(Dataset excerpts)
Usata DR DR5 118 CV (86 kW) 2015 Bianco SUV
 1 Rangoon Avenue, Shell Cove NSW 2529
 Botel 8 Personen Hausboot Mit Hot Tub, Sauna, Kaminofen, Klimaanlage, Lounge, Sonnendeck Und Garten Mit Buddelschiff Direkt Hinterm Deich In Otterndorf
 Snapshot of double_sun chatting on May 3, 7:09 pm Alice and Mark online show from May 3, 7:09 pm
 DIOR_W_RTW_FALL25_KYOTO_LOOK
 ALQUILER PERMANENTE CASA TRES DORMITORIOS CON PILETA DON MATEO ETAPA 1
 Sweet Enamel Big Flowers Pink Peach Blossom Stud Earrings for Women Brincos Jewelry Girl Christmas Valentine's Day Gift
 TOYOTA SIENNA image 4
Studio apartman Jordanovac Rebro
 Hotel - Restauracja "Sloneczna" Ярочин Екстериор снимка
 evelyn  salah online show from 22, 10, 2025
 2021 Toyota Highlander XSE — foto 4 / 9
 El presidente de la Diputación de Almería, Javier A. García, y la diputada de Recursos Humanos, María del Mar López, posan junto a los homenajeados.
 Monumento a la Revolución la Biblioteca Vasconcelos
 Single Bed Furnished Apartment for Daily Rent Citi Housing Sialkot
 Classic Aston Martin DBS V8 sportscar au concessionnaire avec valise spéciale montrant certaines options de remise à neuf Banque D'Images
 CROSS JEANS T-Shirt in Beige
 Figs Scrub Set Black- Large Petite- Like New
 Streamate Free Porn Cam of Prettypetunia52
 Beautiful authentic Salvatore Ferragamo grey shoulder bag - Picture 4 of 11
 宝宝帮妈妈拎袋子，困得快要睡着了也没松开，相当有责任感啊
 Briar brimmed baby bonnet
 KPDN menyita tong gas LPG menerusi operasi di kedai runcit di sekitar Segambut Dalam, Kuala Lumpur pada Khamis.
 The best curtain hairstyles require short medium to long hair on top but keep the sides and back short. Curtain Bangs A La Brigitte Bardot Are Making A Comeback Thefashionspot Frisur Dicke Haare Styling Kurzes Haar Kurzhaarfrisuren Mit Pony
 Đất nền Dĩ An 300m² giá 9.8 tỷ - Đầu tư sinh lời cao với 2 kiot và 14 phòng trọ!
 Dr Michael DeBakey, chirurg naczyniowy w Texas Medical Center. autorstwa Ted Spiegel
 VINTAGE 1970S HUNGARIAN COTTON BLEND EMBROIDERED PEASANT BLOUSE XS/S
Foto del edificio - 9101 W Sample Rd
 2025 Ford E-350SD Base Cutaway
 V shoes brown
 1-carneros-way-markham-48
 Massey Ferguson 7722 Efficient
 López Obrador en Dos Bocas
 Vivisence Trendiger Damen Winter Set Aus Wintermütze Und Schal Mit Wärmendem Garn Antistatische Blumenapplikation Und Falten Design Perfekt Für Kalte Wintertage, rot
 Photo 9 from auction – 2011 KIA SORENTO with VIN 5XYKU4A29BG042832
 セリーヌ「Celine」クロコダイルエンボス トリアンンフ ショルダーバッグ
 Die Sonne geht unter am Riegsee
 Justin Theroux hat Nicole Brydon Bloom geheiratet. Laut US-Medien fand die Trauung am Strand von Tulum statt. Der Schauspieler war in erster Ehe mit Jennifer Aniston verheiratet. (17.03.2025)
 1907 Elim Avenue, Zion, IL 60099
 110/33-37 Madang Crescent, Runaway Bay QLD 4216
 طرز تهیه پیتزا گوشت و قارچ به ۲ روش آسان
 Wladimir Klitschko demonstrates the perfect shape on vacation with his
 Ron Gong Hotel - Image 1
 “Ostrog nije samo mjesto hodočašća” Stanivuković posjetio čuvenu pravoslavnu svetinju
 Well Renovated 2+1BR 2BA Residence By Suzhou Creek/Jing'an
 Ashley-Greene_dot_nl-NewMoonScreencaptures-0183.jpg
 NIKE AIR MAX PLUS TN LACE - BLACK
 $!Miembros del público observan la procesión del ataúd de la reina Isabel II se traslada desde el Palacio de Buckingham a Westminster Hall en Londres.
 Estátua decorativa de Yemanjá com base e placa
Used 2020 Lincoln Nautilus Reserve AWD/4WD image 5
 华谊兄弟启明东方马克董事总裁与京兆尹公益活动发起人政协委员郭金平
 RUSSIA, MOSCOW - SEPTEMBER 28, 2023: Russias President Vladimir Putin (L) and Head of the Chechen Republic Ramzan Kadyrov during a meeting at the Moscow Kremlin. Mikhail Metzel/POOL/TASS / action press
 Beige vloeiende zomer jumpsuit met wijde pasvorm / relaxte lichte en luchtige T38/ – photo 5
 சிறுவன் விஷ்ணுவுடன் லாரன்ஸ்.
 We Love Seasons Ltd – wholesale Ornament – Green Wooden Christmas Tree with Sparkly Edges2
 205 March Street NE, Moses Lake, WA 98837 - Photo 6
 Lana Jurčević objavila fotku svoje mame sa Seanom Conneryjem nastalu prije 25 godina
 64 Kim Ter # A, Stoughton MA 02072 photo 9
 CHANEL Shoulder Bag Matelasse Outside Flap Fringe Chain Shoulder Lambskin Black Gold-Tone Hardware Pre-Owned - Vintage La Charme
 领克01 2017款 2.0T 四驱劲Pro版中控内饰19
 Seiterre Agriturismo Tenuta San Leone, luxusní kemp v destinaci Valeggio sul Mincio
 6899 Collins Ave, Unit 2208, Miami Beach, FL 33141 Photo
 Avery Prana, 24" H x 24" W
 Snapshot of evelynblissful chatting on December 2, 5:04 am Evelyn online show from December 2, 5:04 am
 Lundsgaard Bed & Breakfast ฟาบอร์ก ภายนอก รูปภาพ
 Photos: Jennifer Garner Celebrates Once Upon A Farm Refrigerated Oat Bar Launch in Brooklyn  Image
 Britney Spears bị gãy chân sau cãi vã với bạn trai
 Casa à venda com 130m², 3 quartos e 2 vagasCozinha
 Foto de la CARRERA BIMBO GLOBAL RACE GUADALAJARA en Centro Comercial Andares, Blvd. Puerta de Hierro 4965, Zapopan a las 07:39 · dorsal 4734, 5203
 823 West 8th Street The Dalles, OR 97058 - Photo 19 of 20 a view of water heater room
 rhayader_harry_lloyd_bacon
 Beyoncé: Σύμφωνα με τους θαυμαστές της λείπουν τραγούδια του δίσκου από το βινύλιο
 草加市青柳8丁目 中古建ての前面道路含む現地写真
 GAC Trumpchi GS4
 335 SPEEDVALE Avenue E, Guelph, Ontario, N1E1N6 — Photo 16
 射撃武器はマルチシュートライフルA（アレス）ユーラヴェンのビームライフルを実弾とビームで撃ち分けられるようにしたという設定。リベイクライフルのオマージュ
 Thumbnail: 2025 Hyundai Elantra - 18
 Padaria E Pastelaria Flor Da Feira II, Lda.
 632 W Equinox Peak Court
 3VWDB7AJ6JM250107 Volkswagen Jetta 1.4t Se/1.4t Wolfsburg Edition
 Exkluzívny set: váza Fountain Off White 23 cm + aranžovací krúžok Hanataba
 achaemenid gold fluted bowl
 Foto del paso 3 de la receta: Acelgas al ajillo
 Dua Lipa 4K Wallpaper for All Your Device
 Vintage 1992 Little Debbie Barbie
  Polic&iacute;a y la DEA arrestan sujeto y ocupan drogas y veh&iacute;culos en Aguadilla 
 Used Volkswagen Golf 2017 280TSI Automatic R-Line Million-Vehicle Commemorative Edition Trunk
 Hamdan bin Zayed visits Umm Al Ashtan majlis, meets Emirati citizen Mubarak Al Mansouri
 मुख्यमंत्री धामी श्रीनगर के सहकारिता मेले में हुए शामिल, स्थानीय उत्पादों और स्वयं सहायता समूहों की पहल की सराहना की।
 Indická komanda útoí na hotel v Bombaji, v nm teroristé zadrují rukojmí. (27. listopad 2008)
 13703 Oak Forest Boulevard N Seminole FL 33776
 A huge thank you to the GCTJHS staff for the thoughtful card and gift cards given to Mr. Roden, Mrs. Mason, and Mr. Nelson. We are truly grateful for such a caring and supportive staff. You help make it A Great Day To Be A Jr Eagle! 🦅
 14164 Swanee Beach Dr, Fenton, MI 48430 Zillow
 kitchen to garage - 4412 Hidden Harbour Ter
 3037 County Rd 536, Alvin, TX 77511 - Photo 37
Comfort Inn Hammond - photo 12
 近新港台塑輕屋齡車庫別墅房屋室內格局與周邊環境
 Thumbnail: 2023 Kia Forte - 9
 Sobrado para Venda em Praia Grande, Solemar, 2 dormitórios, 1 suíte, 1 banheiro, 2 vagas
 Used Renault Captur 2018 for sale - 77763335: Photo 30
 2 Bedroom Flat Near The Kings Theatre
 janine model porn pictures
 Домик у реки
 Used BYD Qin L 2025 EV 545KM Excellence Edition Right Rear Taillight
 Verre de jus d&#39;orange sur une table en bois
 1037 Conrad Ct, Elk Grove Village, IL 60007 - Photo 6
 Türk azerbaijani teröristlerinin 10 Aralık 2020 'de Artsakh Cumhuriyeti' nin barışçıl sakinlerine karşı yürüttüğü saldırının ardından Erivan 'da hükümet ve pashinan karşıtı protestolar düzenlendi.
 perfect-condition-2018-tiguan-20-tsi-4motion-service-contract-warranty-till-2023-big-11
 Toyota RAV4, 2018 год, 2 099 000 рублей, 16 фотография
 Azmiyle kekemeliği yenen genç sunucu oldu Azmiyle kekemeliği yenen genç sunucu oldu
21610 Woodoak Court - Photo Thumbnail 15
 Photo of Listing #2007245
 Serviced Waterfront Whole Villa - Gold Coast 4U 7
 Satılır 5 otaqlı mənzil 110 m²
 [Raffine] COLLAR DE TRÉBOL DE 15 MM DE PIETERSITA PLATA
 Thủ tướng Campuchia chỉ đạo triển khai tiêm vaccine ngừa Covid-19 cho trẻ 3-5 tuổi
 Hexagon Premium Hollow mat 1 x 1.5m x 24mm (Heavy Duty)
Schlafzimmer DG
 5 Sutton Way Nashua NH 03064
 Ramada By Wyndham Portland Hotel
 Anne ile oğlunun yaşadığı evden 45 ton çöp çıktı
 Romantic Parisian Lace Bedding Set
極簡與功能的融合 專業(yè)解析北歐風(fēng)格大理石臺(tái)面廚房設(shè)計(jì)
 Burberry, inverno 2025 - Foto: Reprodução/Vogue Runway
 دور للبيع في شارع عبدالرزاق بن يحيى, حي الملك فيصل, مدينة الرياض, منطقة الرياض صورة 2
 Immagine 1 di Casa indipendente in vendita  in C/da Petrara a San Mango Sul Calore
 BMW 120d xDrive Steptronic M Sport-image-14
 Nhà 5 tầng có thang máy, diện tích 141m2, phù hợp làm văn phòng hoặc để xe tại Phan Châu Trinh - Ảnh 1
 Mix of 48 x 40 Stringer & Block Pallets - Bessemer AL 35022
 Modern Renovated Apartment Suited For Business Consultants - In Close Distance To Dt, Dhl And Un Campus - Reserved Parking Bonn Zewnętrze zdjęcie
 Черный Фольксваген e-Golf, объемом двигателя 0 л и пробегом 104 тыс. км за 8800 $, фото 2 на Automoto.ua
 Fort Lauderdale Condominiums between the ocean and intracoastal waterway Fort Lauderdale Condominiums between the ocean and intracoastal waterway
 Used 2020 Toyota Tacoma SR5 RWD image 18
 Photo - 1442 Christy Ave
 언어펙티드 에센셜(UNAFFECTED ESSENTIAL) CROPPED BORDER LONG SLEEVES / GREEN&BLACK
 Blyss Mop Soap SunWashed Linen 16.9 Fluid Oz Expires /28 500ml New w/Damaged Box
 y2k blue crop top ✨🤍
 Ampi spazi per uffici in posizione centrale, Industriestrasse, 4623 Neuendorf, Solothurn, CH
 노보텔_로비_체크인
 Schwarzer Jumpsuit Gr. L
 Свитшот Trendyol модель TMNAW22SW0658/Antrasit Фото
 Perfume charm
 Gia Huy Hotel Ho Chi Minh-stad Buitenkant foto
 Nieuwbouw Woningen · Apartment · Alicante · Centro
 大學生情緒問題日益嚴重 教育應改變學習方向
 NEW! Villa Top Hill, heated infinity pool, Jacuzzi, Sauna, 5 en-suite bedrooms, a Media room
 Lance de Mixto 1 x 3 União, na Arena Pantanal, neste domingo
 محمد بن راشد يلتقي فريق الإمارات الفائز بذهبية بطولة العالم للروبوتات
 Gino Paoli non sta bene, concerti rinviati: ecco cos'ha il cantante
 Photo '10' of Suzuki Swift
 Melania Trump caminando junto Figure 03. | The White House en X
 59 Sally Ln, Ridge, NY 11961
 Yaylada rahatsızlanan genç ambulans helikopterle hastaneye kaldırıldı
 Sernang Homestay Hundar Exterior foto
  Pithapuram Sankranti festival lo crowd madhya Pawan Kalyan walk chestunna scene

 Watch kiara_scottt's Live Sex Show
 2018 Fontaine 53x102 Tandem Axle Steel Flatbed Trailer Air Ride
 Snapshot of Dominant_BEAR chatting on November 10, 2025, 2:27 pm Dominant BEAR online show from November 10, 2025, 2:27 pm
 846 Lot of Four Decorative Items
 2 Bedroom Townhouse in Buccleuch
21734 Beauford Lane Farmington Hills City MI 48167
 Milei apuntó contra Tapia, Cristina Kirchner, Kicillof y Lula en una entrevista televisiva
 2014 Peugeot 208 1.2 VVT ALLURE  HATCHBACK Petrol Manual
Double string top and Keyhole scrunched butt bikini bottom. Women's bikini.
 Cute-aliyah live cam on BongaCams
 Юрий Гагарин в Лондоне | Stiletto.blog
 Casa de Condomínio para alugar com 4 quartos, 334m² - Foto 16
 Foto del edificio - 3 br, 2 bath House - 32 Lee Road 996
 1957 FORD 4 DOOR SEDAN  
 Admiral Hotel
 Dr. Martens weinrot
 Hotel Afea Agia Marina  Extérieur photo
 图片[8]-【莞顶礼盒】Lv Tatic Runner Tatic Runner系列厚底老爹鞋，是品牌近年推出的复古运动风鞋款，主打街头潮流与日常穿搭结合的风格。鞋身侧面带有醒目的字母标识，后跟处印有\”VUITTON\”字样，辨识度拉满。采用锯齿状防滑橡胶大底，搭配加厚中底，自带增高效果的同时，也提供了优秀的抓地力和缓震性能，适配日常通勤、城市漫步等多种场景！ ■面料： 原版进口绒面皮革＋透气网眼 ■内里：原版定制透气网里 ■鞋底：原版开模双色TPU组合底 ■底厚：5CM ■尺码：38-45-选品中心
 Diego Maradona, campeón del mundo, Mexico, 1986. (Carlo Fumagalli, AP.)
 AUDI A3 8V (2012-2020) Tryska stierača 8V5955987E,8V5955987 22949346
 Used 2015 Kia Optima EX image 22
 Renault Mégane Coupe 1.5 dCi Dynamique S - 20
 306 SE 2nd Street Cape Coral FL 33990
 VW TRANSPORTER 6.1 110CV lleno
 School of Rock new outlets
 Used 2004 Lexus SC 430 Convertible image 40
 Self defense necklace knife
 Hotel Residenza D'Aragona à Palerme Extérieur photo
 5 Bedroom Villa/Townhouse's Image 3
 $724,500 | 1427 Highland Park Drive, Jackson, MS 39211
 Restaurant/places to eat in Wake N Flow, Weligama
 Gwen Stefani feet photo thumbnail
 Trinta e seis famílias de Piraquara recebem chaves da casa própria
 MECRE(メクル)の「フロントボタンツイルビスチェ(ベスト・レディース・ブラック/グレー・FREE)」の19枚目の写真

● Problem statement:
Begin with the line above that has "Hexagon Premium Hollow" and continue through the line that has "BMW 120d xDrive Steptronic M Sport-image-14", setting each one down exactly. Stop there.

● Exercise output:
 Hexagon Premium Hollow mat 1 x 1.5m x 24mm (Heavy Duty)
Schlafzimmer DG
 5 Sutton Way Nashua NH 03064
 Ramada By Wyndham Portland Hotel
 Anne ile oğlunun yaşadığı evden 45 ton çöp çıktı
 Romantic Parisian Lace Bedding Set
極簡與功能的融合 專業(yè)解析北歐風(fēng)格大理石臺(tái)面廚房設(shè)計(jì)
 Burberry, inverno 2025 - Foto: Reprodução/Vogue Runway
 دور للبيع في شارع عبدالرزاق بن يحيى, حي الملك فيصل, مدينة الرياض, منطقة الرياض صورة 2
 Immagine 1 di Casa indipendente in vendita  in C/da Petrara a San Mango Sul Calore
 BMW 120d xDrive Steptronic M Sport-image-14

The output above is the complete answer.